A bancada do PS refere que a matéria foi tratada no final da reunião desta comissão parlamentar, na quinta-feira, "sem apresentação ou discussão do relatório".
"Tendo em conta o adiantado da hora (já em cima do início da sessão plenária) e a demora nos pontos anteriores, foi assumido erradamente (pelo PS e outros grupos parlamentares) que o que estava em causa era a conclusão da apreciação e votação de outro parecer da agenda (que concluía pela ausência de violações às regras de conduta pela deputada), e que esta matéria teria ficado adiada para próxima reunião", justificam os socialistas.
No entanto, como esse não foi o entendimento da mesa, "o sentido de voto sobre o relatório é contra e isso foi já transmitido", considerando que só esta posição está em linha "com todas as posições do PS sobre esta matéria".
"O tema adquire relevo mediático pela natural estranheza com que é recebida a ideia de que a posição do Partido Socialista poderia ter sido favorável, lamentando naturalmente o grupo parlamentar o erro e as perceções que possa ter inadvertidamente permitido, bem como a ideia de que de alguma forma teria contribuído para censurar a deputada Eva Cruzeiro", refere ainda o partido.
No relatório do inquérito a que a agência da Lusa teve acesso na sexta-feira, transmitido como aprovado por unanimidade, o parlamento concluiu que a socialista Eva Cruzeiro desrespeitou "deveres fundamentais dos deputados" ao chamar "racistas e xenófobos" aos parlamentares do Chega, um "comportamento inadequado e inaceitável", embora que não poderia ser sancionado "por falta de habilitação legal".
A abertura do inquérito tinha sido determinada pelo presidente da Assembleia da República na sequência da participação contra a deputada do PS Eva Cruzeiro feita pelo deputado do Chega Filipe Melo, à qual se associou depois o partido.

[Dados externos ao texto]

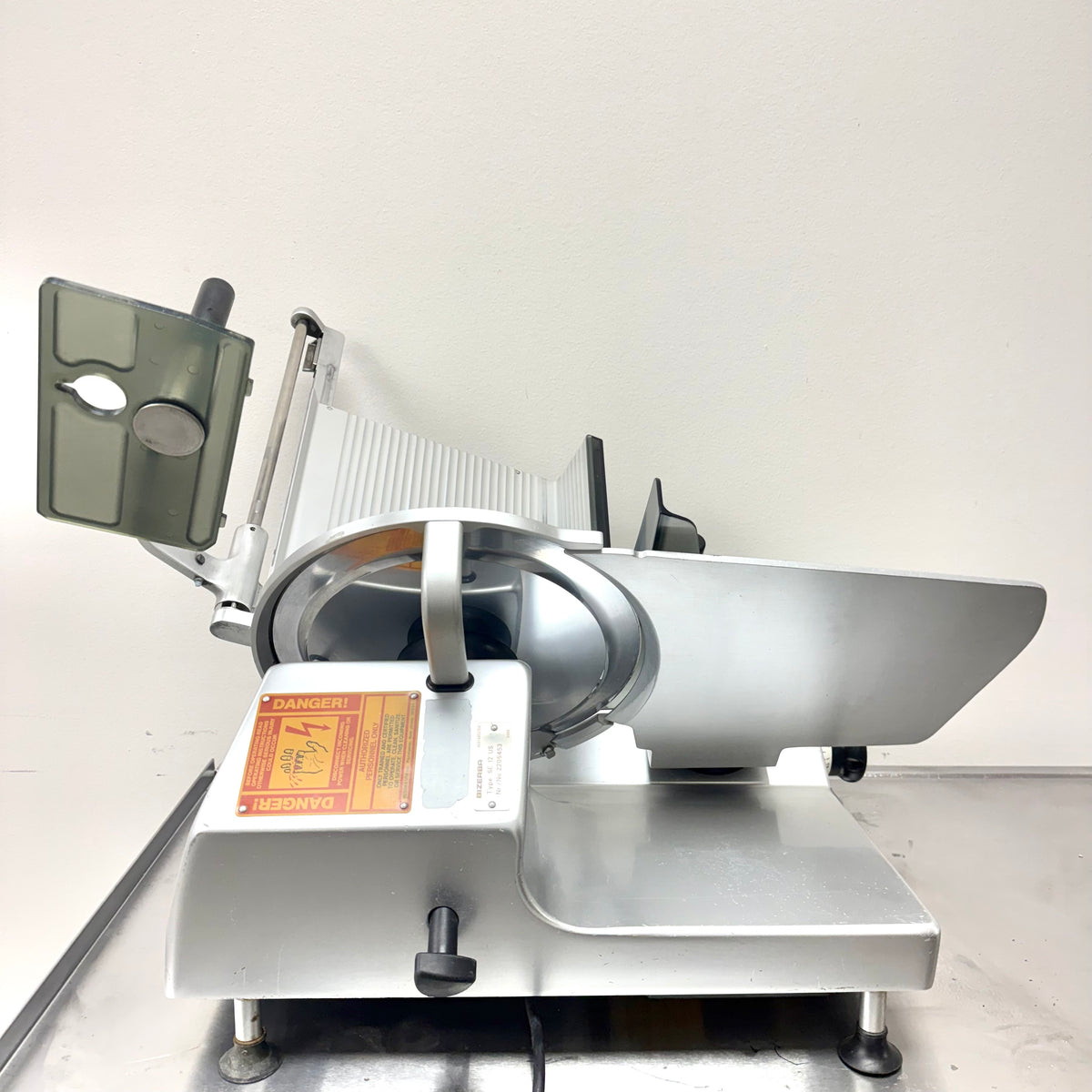 Bizerba SE12 US Manual Commercial Meat & Deli Slicer Restaurant Grocery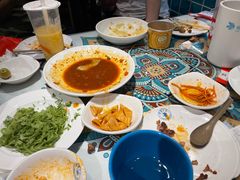 -楼兰古丽·新疆拌面·清真(华阳城店)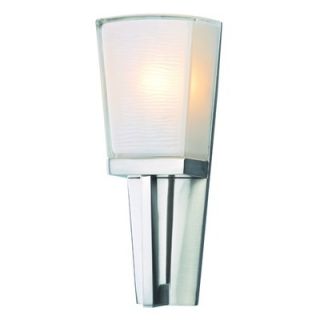 Troy Lighting Tao Wall Lantern in Brushed Stainless Steel   B5041BSS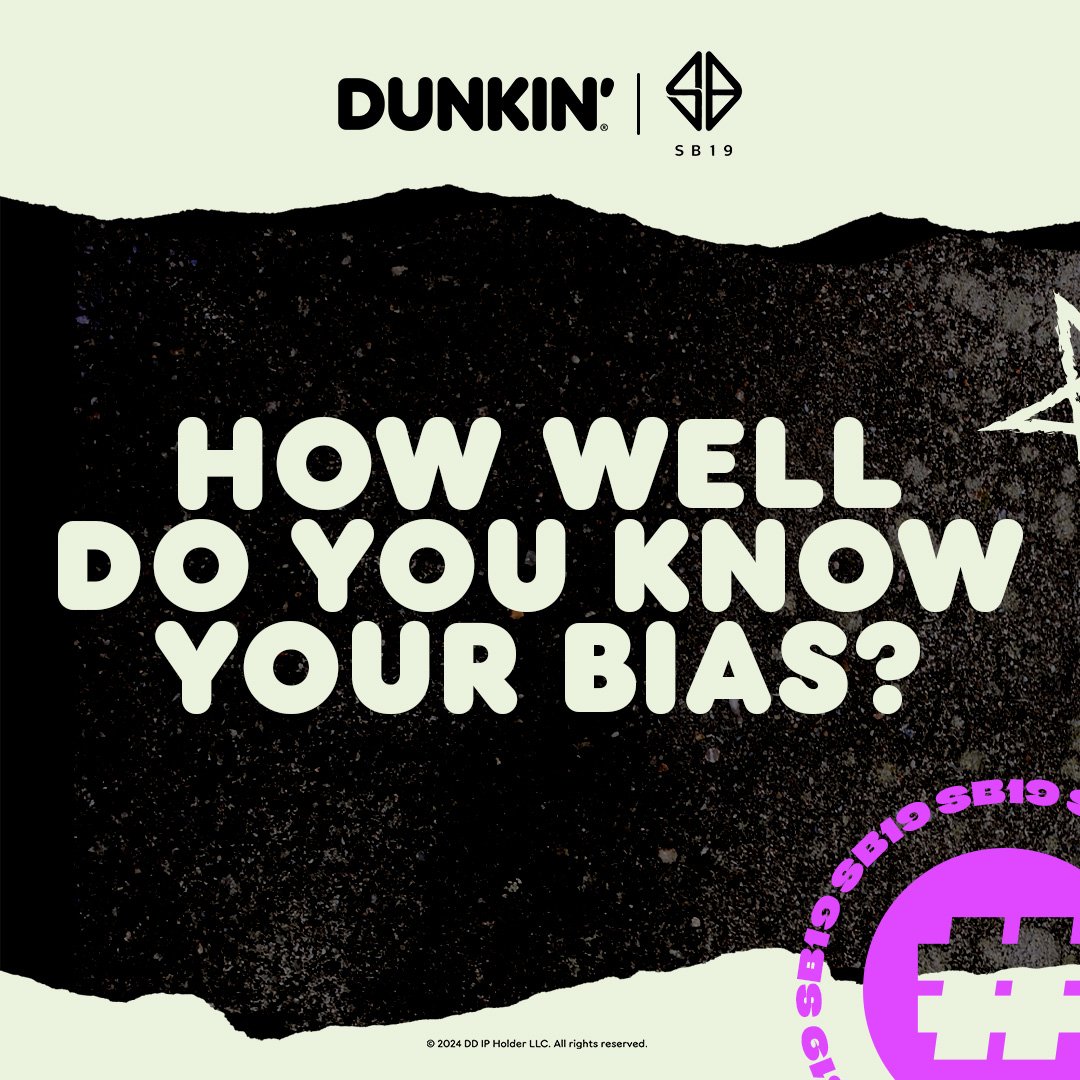 dunkinph's tweet photo. Time for a bias quiz, A’Tin! 💙🧡 #SB19DunkinPH https://t.co/oV9PNQ3uPZ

"Chamar 'racistas' e 'xenófobos' aos deputados de uma determinada bancada parlamentar, tratando-os por 'vocês', constitui um comportamento inadequado e inaceitável por parte de uma senhora deputada à Assembleia da República", pode ler-se no texto do relator, o deputado do PSD Hugo Carneiro.
No comunicado de hoje, o PS contrapõe que a deputada Eva Cruzeiro "caracteriza uma conduta e as posições de uma força política como racistas, como é totalmente legítimo fazer quando correspondem a essa qualificação, sem margem para dúvidas".
"As palavras não perderam o seu significado, e qualificar aqueles que reiteradamente proferem afirmações racistas é não só um direito de um deputado no exercício livre do seu mandato e do uso da palavra, como um dever de defesa dos valores da Constituição e da decência", refere o PS.
A bancada do PS acrescenta que, "segundos depois de ter proferido a referida afirmação, a deputada Eva Cruzeiro foi imediatamente objeto de insultos racistas provenientes da bancada do Chega, exigindo que 'voltasse para a sua terra', evidenciando na prática a razão que assiste à deputada visada".
"O Grupo Parlamentar do PS não poderia, pois, em circunstância alguma tolerar qualquer conclusão que relativizasse a gravidade do sucedido, transformando a vítima de agressões verbais racistas em responsável por conduta violadora de padrões aplicáveis à representação parlamentar e reitera a sua solidariedade à deputada Eva Cruzeiro e à coragem, empenho e fibra que revela no exercício do seu mandato, honrando a tradição do PS e da democracia", salienta o partido.
Mesmo com os votos contra do PS, os votos favoráveis de PSD e Chega são suficientes para que o relatório tenha sido aprovado.